## WHAT NEEDS TO BE DONE
In the listing below, a line holding "блуза,дамски,б" and a line holding "Adina 8-piece Extension" mark the range. Retype both exactly, with all lines between them.

## DATASET EXCERPTS
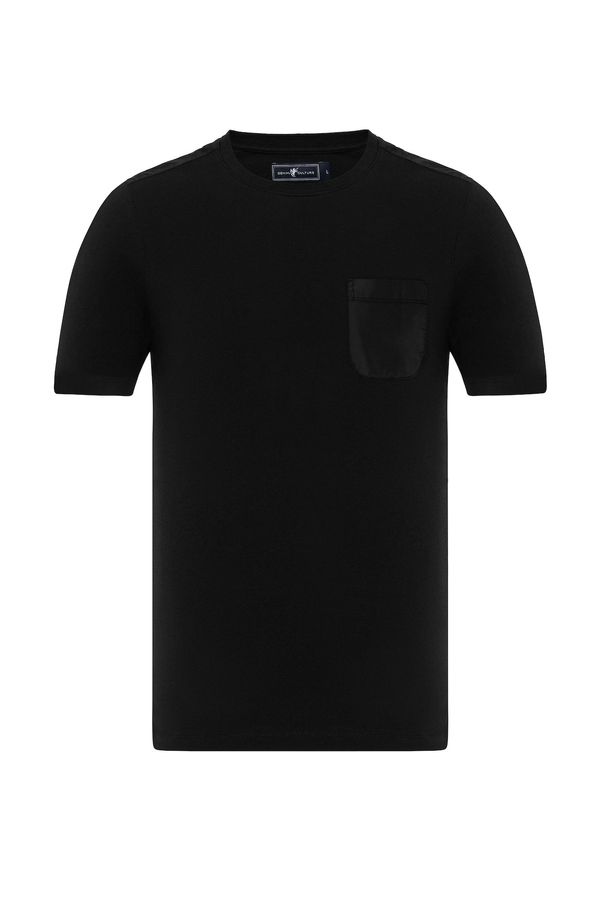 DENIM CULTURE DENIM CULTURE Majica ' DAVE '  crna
...
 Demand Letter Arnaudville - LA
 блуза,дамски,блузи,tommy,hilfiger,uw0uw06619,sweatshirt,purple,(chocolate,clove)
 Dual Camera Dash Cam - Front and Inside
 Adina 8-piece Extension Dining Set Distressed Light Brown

## TASK RESPONSE
 блуза,дамски,блузи,tommy,hilfiger,uw0uw06619,sweatshirt,purple,(chocolate,clove)
 Dual Camera Dash Cam - Front and Inside
 Adina 8-piece Extension Dining Set Distressed Light Brown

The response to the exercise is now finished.